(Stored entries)

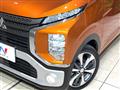 2020 Mitsubishi Mitsubishi Others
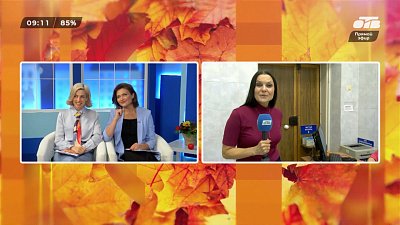 Вакцинация от гриппа в прямом эфире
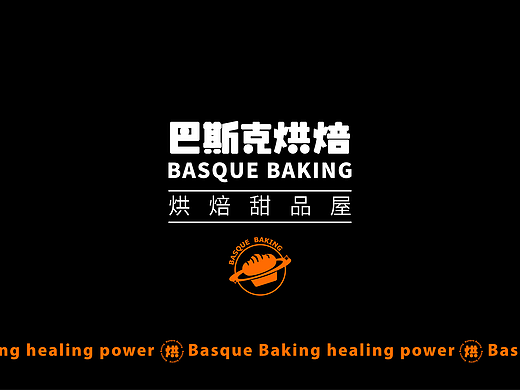 巴斯克烘焙品牌设计丨烘焙甜品屋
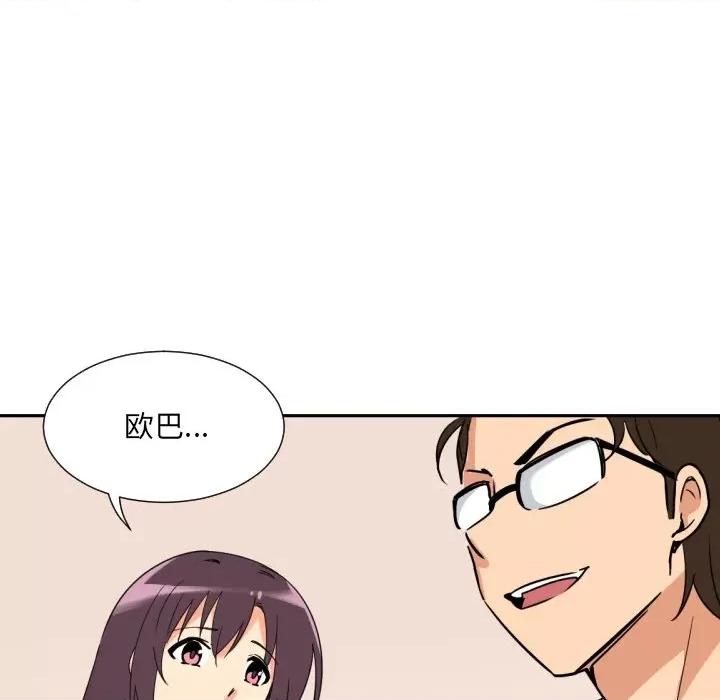 小娇妻 调教小娇妻-调教小娇妻 第18话 第66页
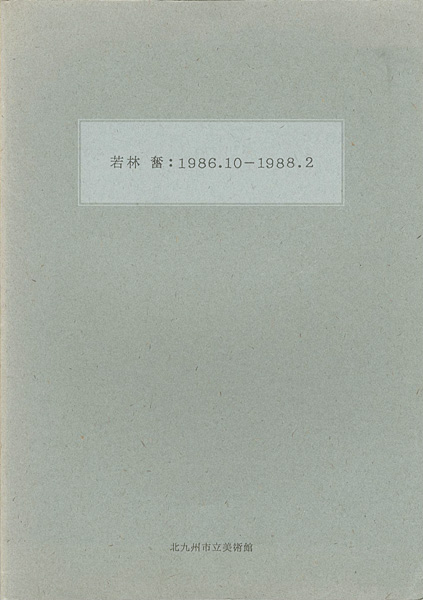 「若林奮：1986.10-1988.2」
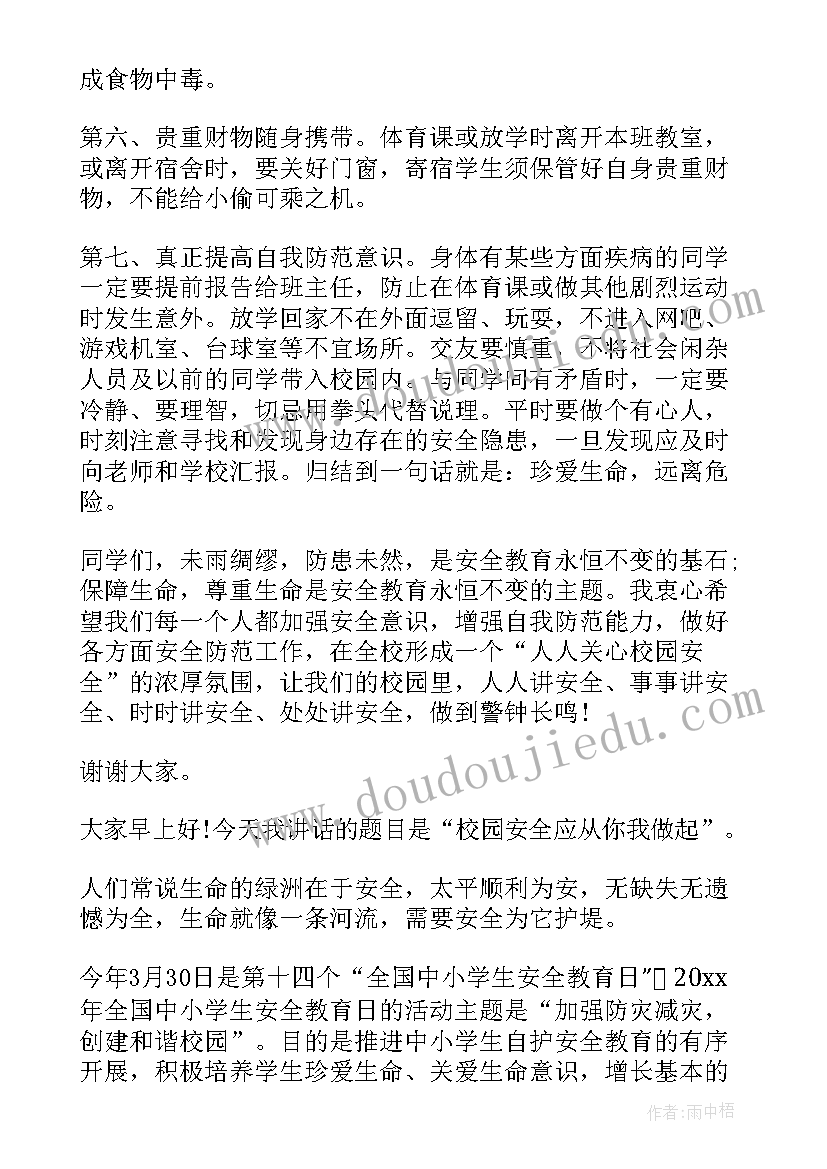 安全教育日的国旗下讲话稿 国旗下安全教育讲话稿(优质6篇)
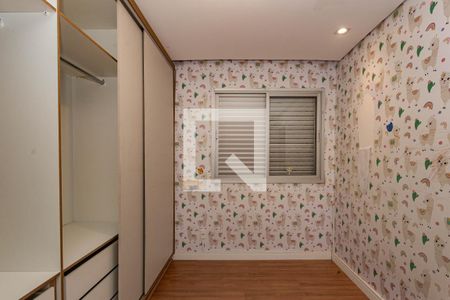 Quarto 2 de apartamento para alugar com 2 quartos, 76m² em Aclimação, São Paulo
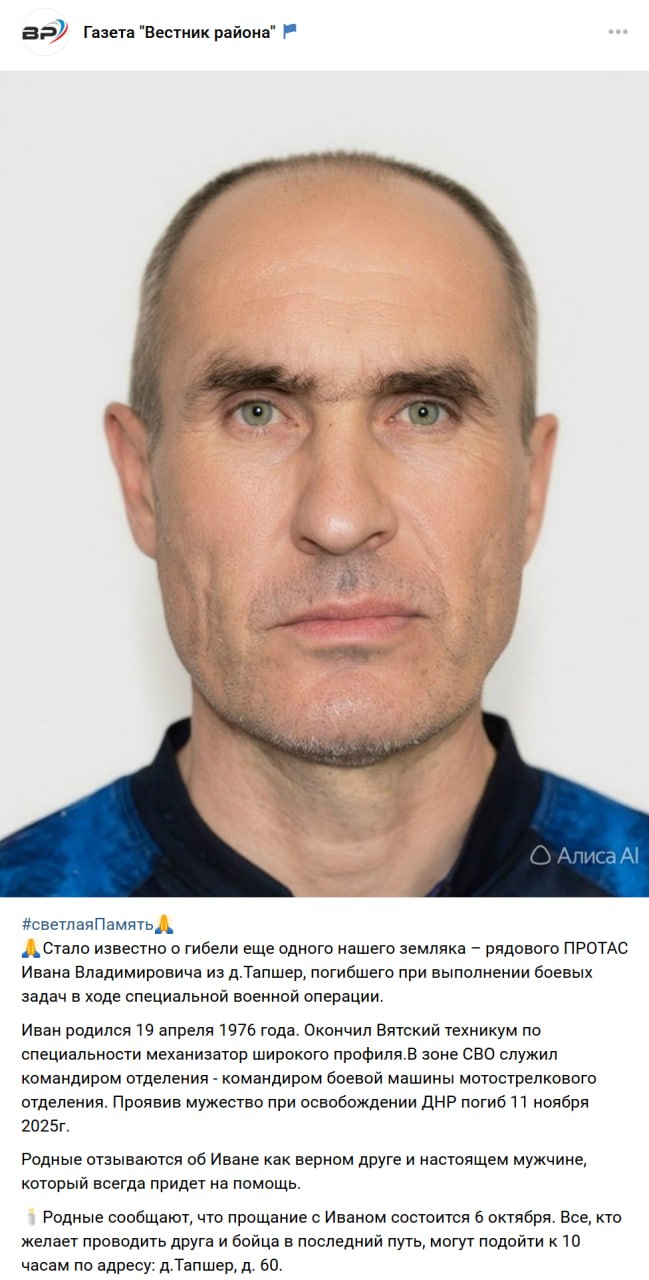 Protas Ivan Vladimirovich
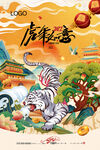 中国风古风虎年新春贺岁海报
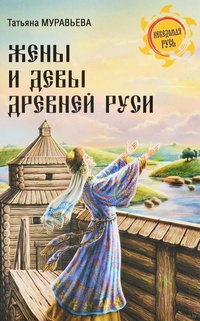 Обложка Жены и девы Древней Руси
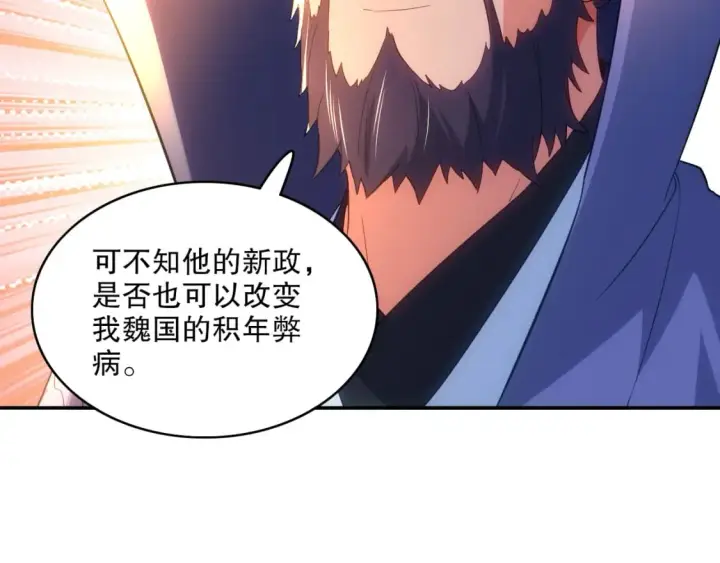 漫画《再不死我就真无敌了》第106话 曹猛的连环震惊第34张图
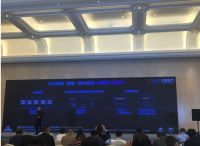 科大讯飞发布智能语音面板解决方案开启全屋智能语音新时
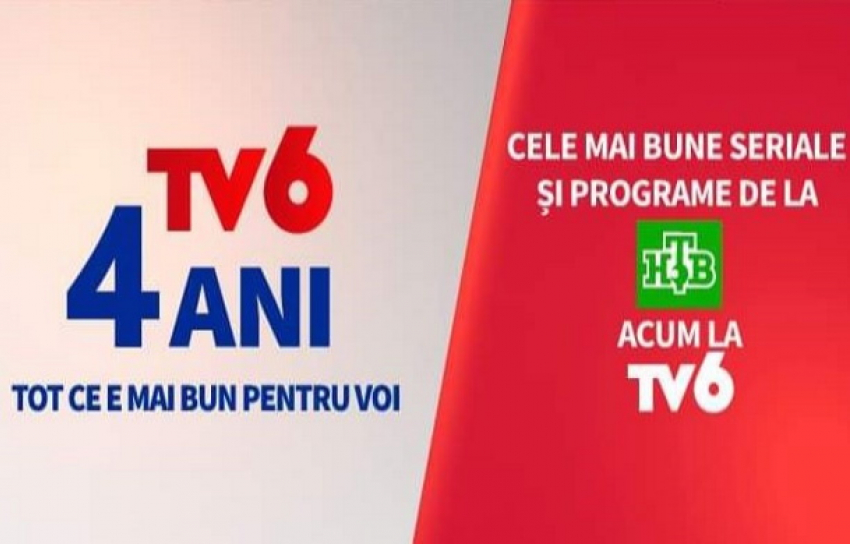 TV6 4 года: Передачи и сериалы НТВ теперь только на ТВ6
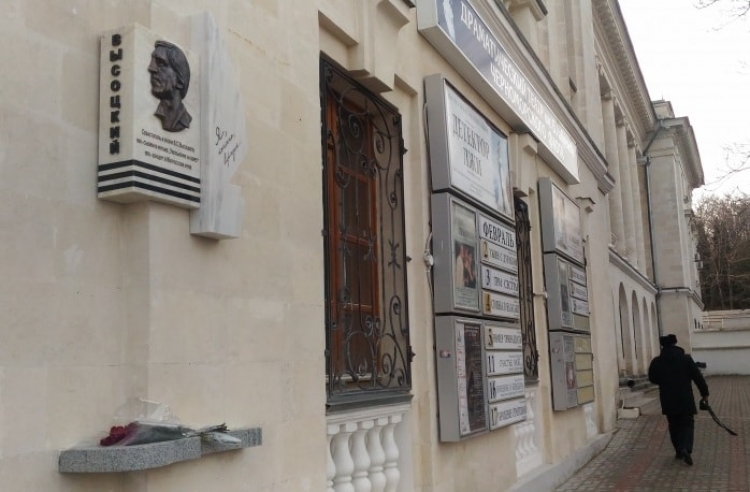 Согласовать или демонтировать мемориал Высоцкому требуют севастопольские власти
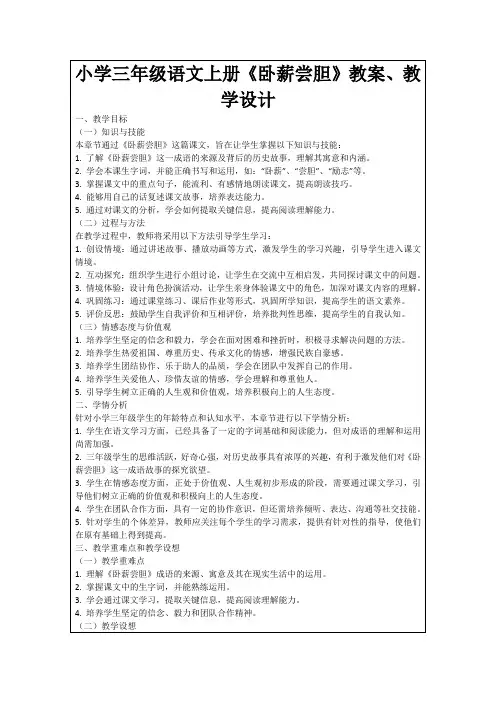 小学三年级语文上册《卧薪尝胆》教案、教学设计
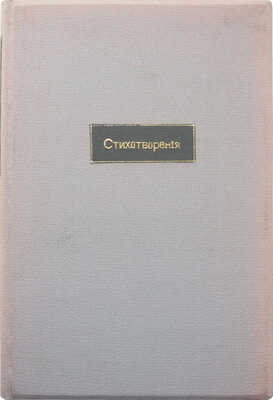[Собрание В.Г. Лидина]. [Белоусов И., автограф]. Белоусов И. Стихотворения. 1882-1909 гг. М., 1909.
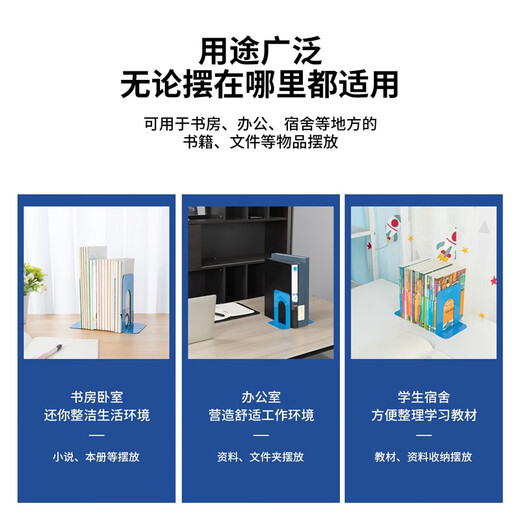 
Deli Stationery Book Stand Book Blindrical Iron Bookshelf Bookshelf Bookshelf Relay Bookshelf Retractable Simple Creative Books Separator Bookshelf Table 9272 Black (175mm Height)/2 pieces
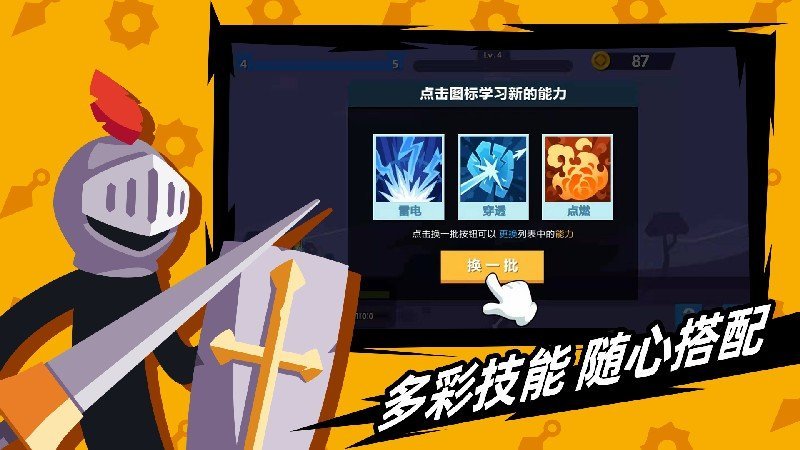 火柴人神射手2020破解版
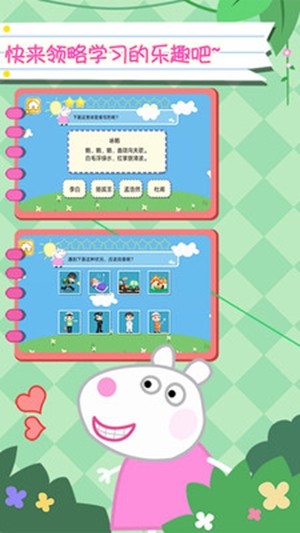 小羊的早教班 小羊的早教班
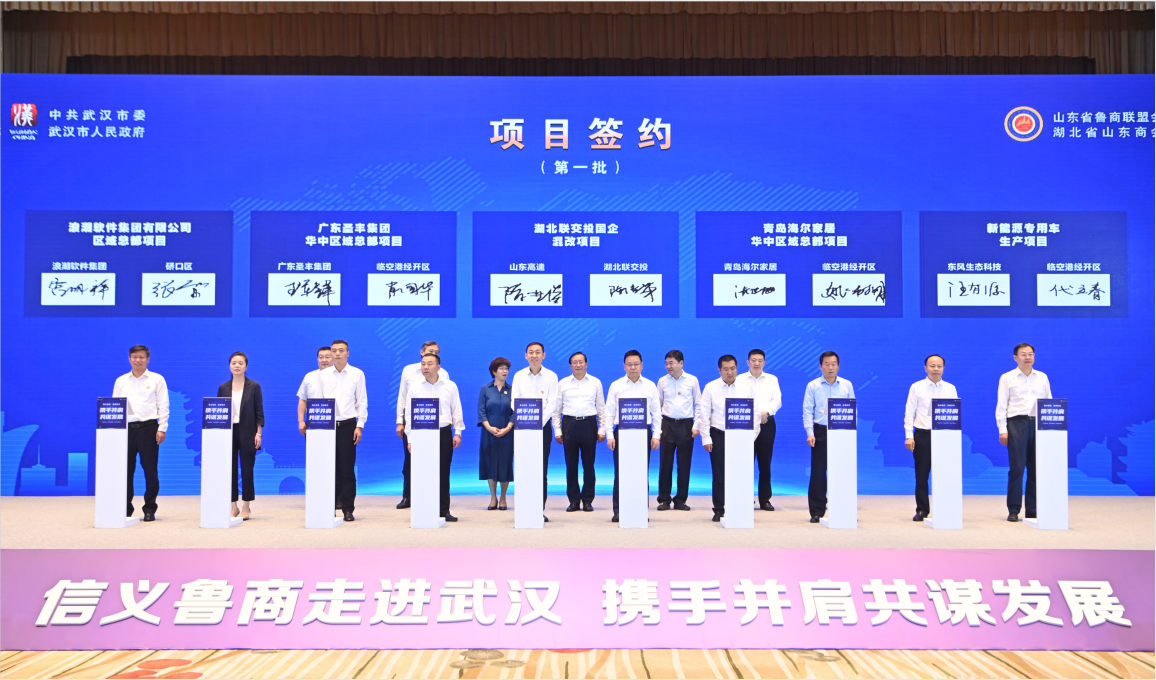 NG28·(南宫)相信品牌实力官网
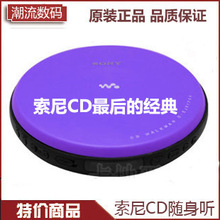 Sony/索尼CD机 索尼CD随身听 CD播放器 音质完超 MP3/MP4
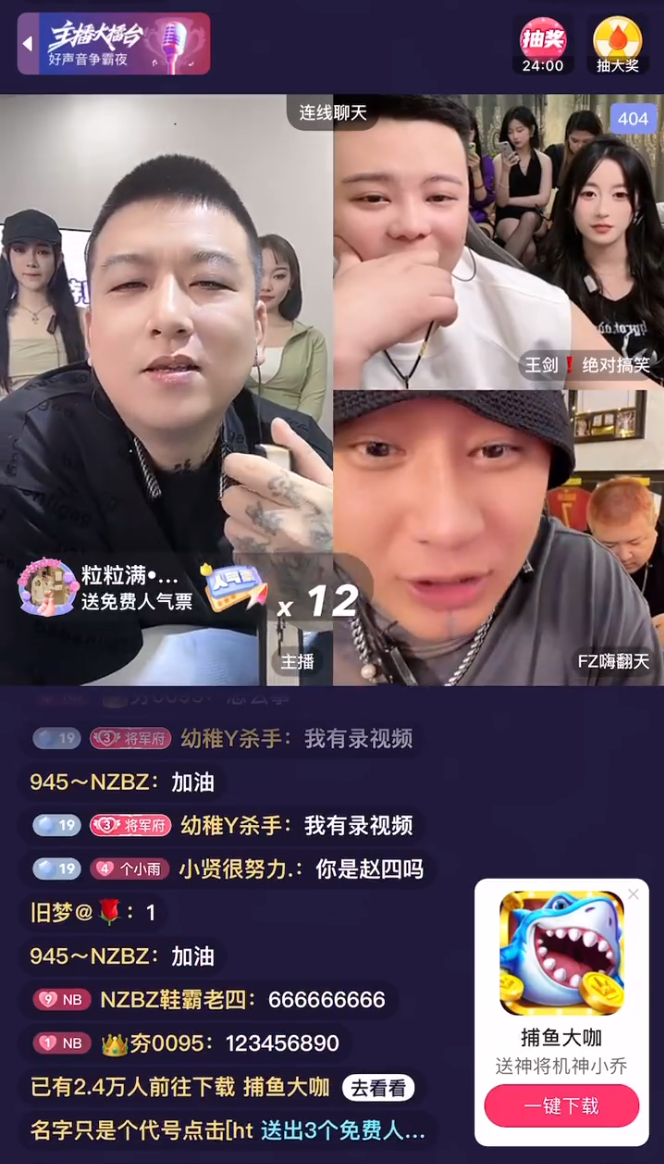 全网最细腰围女主播？一使劲儿真怕弄断！方丈李四重提当年“大赦天下”__全网最细腰围女主播？一使劲儿真怕弄断！方丈李四重提当年“大赦天下”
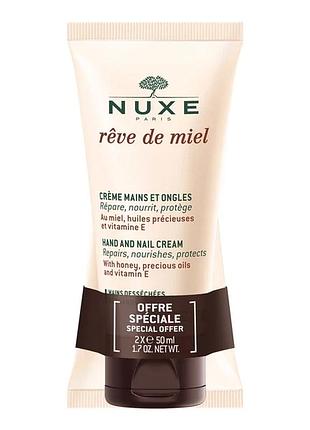 Набор дуо медовая мечта крем для рук та нигтив nuxe reve de miel hand cream kit 2* 50 мл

**Assigned task:** Skipping every picture, transcribe exactly the lines above from the one containing "安全教育日的国旗下讲话稿 国旗下安全教育讲话稿(优质6篇)" through the one containing "小学三年级语文上册《卧薪尝胆》教案、教学设计", both included.

**Finished exercise:**
 安全教育日的国旗下讲话稿 国旗下安全教育讲话稿(优质6篇)
 Quarto 2 de apartamento para alugar com 2 quartos, 76m² em Aclimação, São Paulo
 Protas Ivan Vladimirovich
 中国风古风虎年新春贺岁海报
 Обложка Жены и девы Древней Руси
 漫画《再不死我就真无敌了》第106话 曹猛的连环震惊第34张图
 科大讯飞发布智能语音面板解决方案开启全屋智能语音新时
 TV6 4 года: Передачи и сериалы НТВ теперь только на ТВ6
 Согласовать или демонтировать мемориал Высоцкому требуют севастопольские власти
 小学三年级语文上册《卧薪尝胆》教案、教学设计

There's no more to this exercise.